Given data:
━━━━━━━━━━

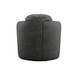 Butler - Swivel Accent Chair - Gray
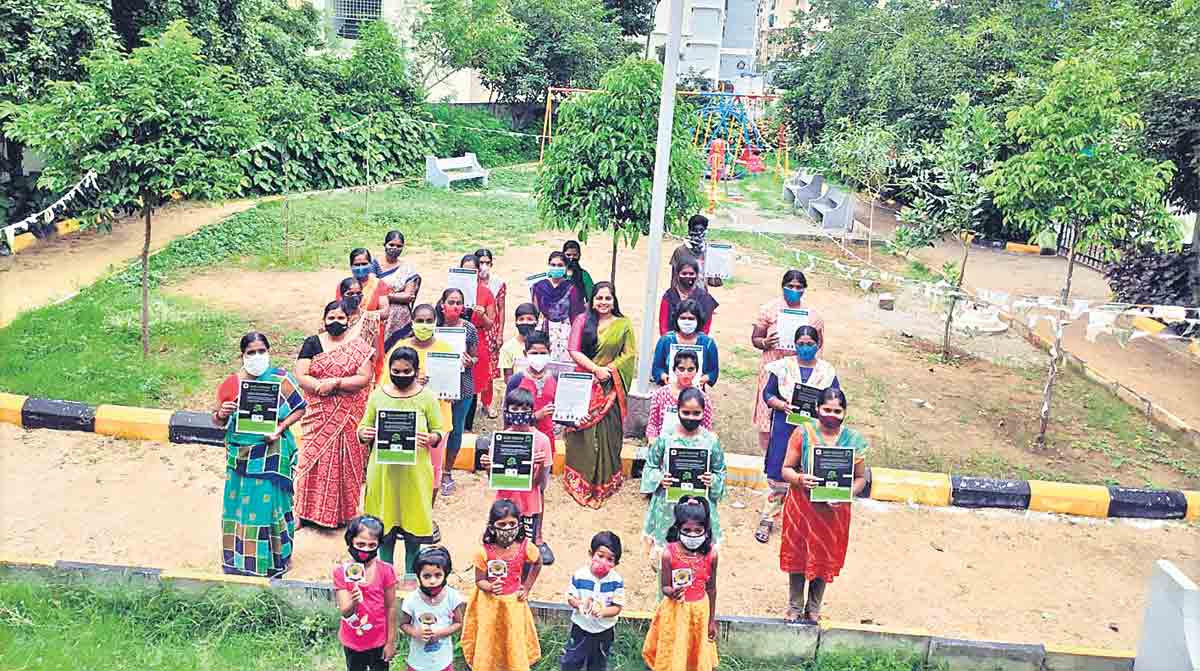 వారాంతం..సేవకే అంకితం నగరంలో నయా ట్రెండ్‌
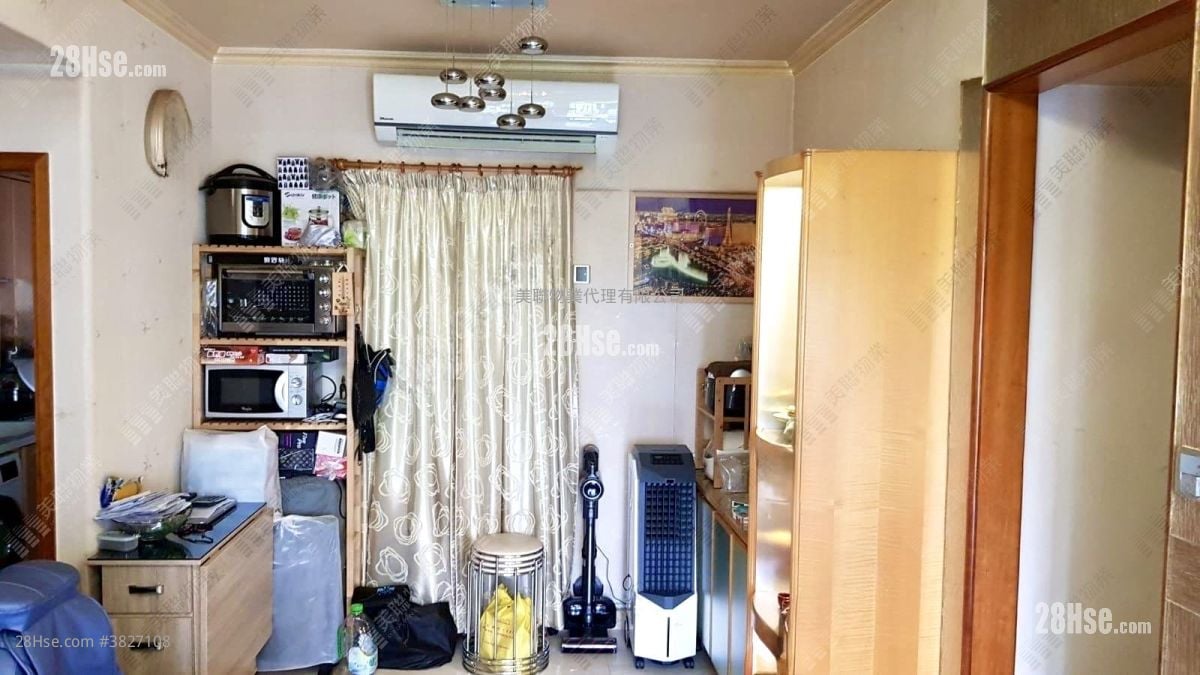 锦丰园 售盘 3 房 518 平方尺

━━━━━━━━━━

Exercise prompt: Apart from the pictures, all of the data must be duplicated exactly as shown above.

Exercise result:
 Butler - Swivel Accent Chair - Gray
 వారాంతం..సేవకే అంకితం నగరంలో నయా ట్రెండ్‌
 锦丰园 售盘 3 房 518 平方尺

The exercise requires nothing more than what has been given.